Courthouse security, which was tightened for the trial, is expected to be at a high level again for the sentencings.

Prosecutors have not publicly revealed what sentences they’re seeking. But under law, each man could get life in prison - and there’s no indication the government’s looking to give anyone a break. Two - Dritan and Shain Duka - are each subject to two life sentences.

“I anticipate some really big numbers,” said Michael Riley, the defense lawyer for Shain Duka.

When the men were arrested in May 2007, the government characterized them as dangerous homegrown plotters who were considering attacking soldiers on Fort Dix, an Army base in New Jersey used primarily to train reservists for duty in Iraq.

At the time, all the men were in their 20s, all had lived for years in the Philadelphia suburb of Cherry Hill, N.J., and all worked in jobs such as installing roofs, driving cabs and helping run convenience stores.
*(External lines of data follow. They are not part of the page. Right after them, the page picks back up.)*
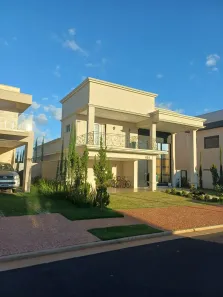 Casa de Condomínio com 4 Quartos à venda, 280m² no Granja Marileusa, Uberlândia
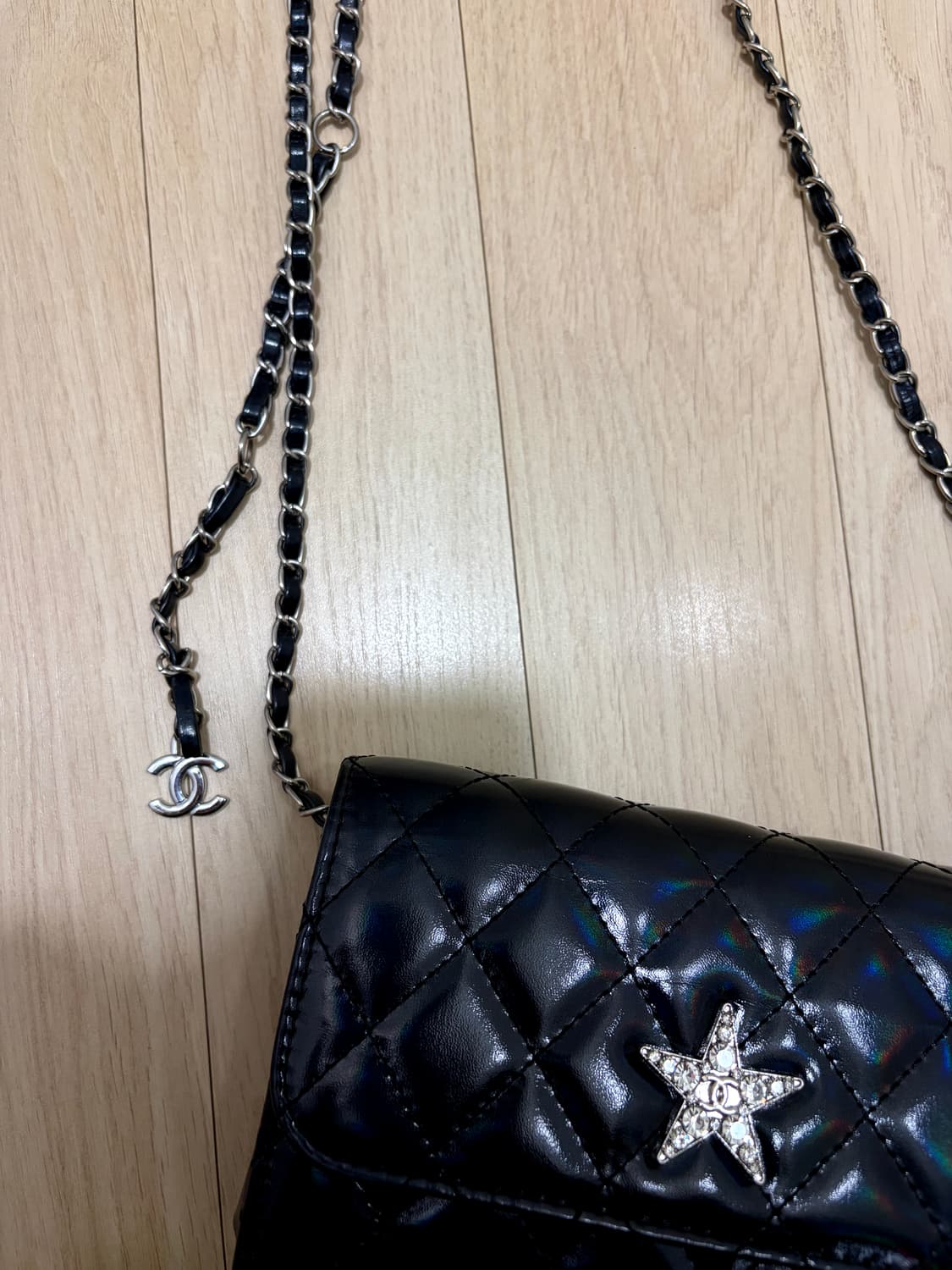 샤넬 에나멜소재 큐빅 크로스백 상품이미지4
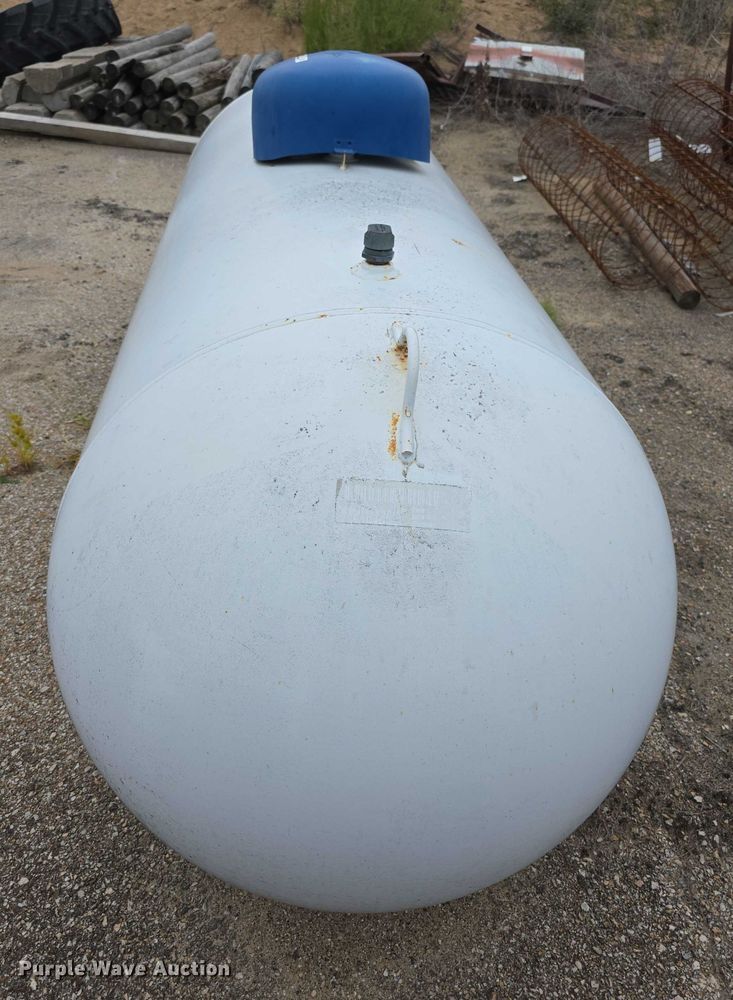 image for item DZ6158 2011 American Welding & Tank propane tank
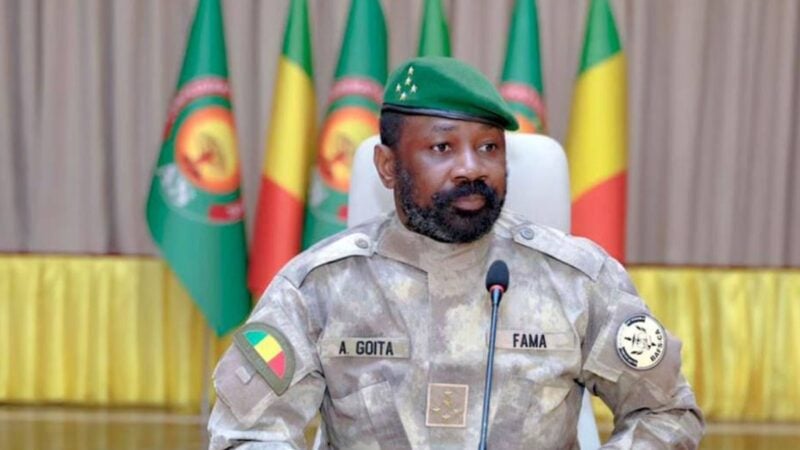 Assimi Goïta, président de la transition au Mali, où la déchéance de nationalité est élargie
The investigation began early in 2006, when a clerk at a Circuit City electronics store reported that some men had asked him to convert from video to DVD a movie that showed the men, and others, firing guns and yelling “Allah akbar.”

Their trial last year stretched from October through December, with much of the testimony coming from a pair of paid government informants with criminal histories.

A jury found them guilty of conspiracy to commit murder, but acquitted them on attempted murder charges.

Four of them were also convicted on weapons charges.

There will be some legal issues that may have to be resolved. Sentencing guidelines call for stiffer penalties for people convicted in terrorism cases and those whose victims are government employees.

Richard Sparaco, the lawyer for Tatar, said there could be arguments about how those rules should be applied.

All three Duka brothers are to be sentenced on Tuesday. Shnewer and Tatar are to be sentenced Wednesday.